La France face à deux impératifs : décarboner et réindustrialiser
Dans une Europe qui cherche à relocaliser des activités stratégiques pour recouvrer souveraineté et indépendance, la France mise sur les activités nécessaires à sa décarbonation pour réduire son empreinte carbone tout en se réindustrialisant.
Difficulté à s’approvisionner en masques puis en vaccins, usines contraintes de tourner en sous-régime faute de composants fabriqués à l’autre bout du monde… Le Covid-19 a révélé la fragilité d’une économie mondialisée, symbolisée par le porte-conteneur bloquant le Canal de Suez en mars 2021.
Cette dépendance à certaines régions ou pays est d’autant plus problématique quand les tensions géopolitiques s’en mêlent. À l’origine de pénuries telles que celle du blé, la guerre menée en Ukraine par la Russie révèle surtout la dépendance de l’Europe de l’Ouest aux énergies fossiles russes et la difficulté de s’en affranchir. Plus récemment, la crise taïwanaise déclenchée par la visite de la présidente de la Chambre des représentants américaine Nancy Pelosi a fait planer la menace d’une pénurie de semi-conducteurs. Dans un autre registre, la sécheresse au Canada, premier producteur mondial de graines de moutarde, a vidé les rayons des supermarchés européens. On anticipe que de tels événements extrêmes liés au dérèglement climatique vont se multiplier à l’avenir, et les pénuries avec.
« Les industriels, qui subissent encore des pénuries ponctuelles mais récurrentes, l’ont compris et cherchent à diversifier et à régionaliser leurs chaînes d’approvisionnement à l’échelle européenne », souligne Olivier Lluansi, coauteur avec Anaïs Voy-Gillis de Vers la renaissance industrielle (Éditions Marie B).
Dans un souci de résilience et de souveraineté, la relocalisation d’activités stratégiques est devenue un leitmotiv européen, qui se concrétise d’abord par des gigafactories de batteries pour voitures électriques.
La décarbonation devient une pièce maîtresse des politiques industrielles
Loin d’être la seule exposée à ces menaces, la France se distingue par une forte désindustrialisation qui a vu la part de l’industrie dans son PIB divisée par deux depuis les années 1970. Or, rappelle la Fondation Concorde dans un rapport de décembre 2021, « l’industrie est le premier déterminant de la croissance économique », elle dynamise l’emploi dans toute l’économie « car un emploi industriel mobilise un emploi dans les services », et constitue un « secteur décisif pour la balance commerciale et l’équilibre des comptes publics ».

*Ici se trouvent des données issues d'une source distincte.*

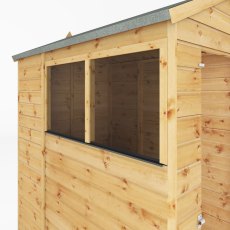 6x4 Mercia Shiplap Apex & Reverse Apex Shed - isolated window view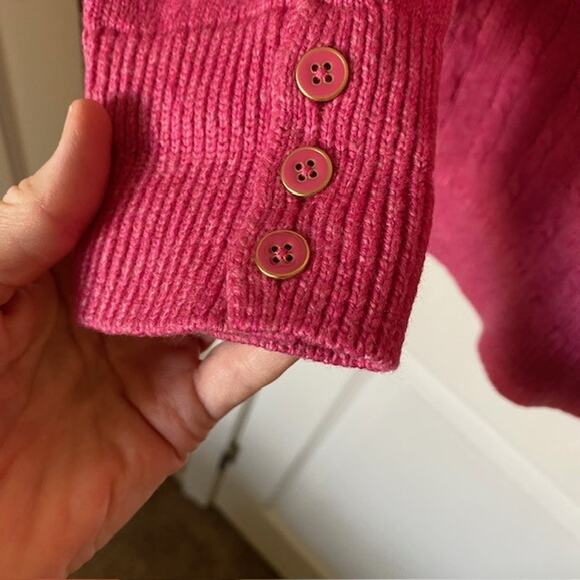 Talbots Crew Neck Cable Knit Pullover Sweater Pink 3-Button Cuff Women's Plus 1X - Picture 5 of 8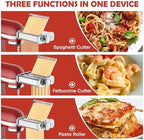 3-in-1 Pasta Attachment for KitchenAid Stand Mixer - Stainless Steel Pasta Maker includes Roller, Spaghetti & Fettuccine Cutters | Professional Pasta Accessories for Homemade Noodles & Italian Cuisine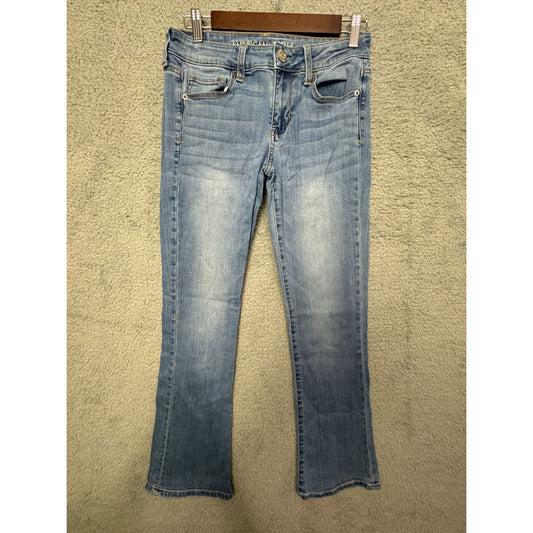 American Eagle Women Jeans 8 Blue Denim Skinny Super Stretch - SZ 4 - U00105
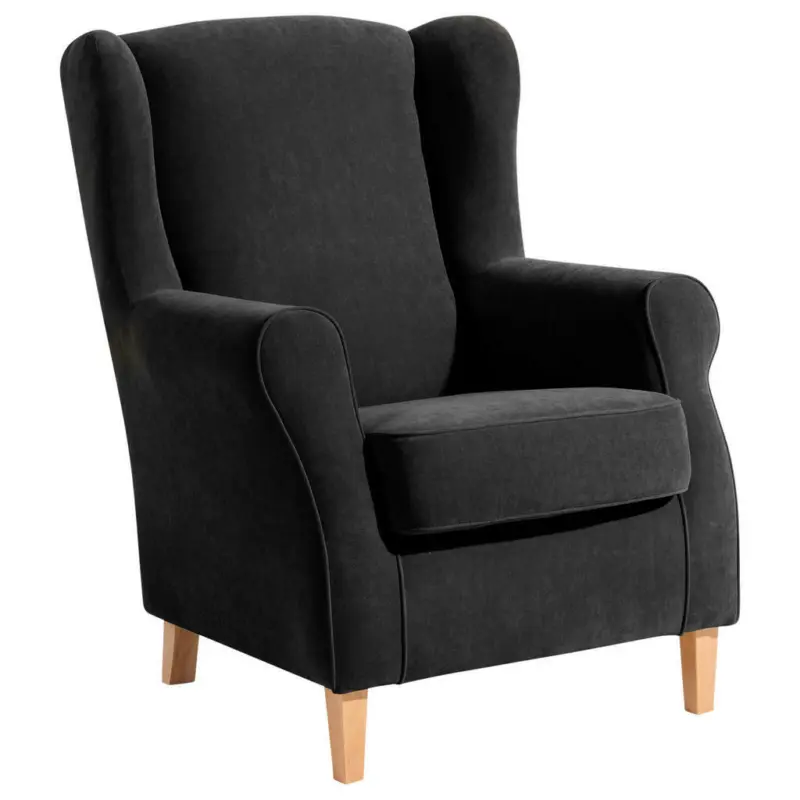 Ohrensessel in Velours Schwarz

L’industrie est le premier
déterminant de la croissance
économique.
D’ailleurs, depuis la fin des années 2000, diverses politiques industrielles françaises tentent d’inverser la tendance : États généraux de l’industrie en 2009, Nouvelle France industrielle en 2013 pour moderniser l’outil industriel français et transformer son modèle économique par le numérique, Territoires d’industrie en 2018 avec un objectif de « reconquête industrielle et de développement des territoires »…
Mais la crise climatique et l’impératif de décarbonation se sont entretemps invités dans l’équation. La France comme l’Union européenne se sont fixé un objectif de neutralité carbone à l’horizon 2050. La Stratégie nationale bas-carbone (SNBC) définit pour chaque secteur d’activité les budgets carbone permettant d’y parvenir. Pour l’industrie, elle prévoit une baisse des émissions de 33 % en 2030 et 81 % en 2050, objectifs qui pourraient être rehaussés lors de la prochaine révision de la SNBC.

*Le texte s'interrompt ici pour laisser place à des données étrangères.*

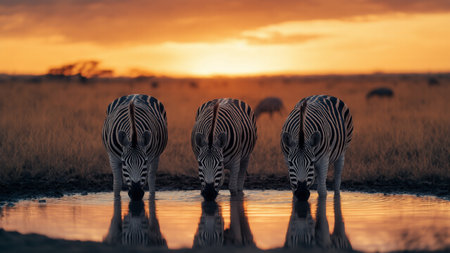 African safari, three zebras drinking water at a watering hole at sunset, view from the ground,の素材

Ces deux objectifs de réindustrialisation et de décarbonation sont plus convergents qu’il n’y paraît. La relocalisation d’activités industrielles sur notre sol mettrait un terme à la hausse de notre empreinte carbone liée à celle de nos émissions importées (+ 72 % entre 1995 et 2019).

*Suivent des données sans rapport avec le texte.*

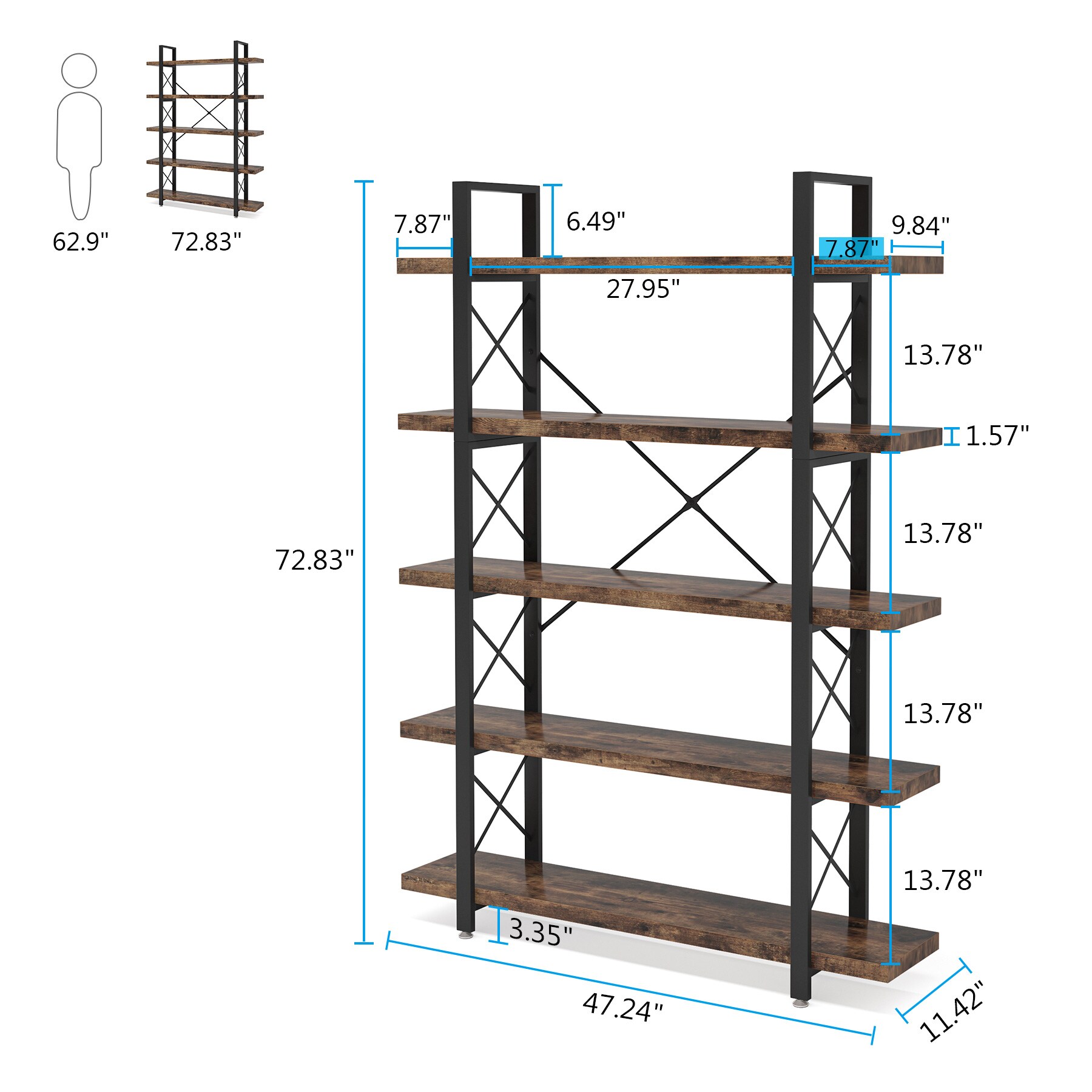 Tribesigns Tribesigns Rustic Wood 5-shelf Industrial Style Bookcase And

Mieux, la décarbonation devrait être un levier de la réindustrialisation : énergies renouvelables, pompes à chaleur pour remplacer le chauffage au gaz, usines de batteries ou d’électrolyseurs pour produire de l’hydrogène, développement du recyclage… Construire un nouveau modèle français décarboné permettant d’atteindre le plein emploi était d’ailleurs l’objectif du Pacte productif annoncé par Emmanuel Macron en avril 2019. Et après le plan de relance de l’automne 2020 dont c’était déjà l’un des principaux objectifs, France Relance, annoncé en février 2022, consacre la moitié des 54 milliards prévus à la décarbonation de l’industrie.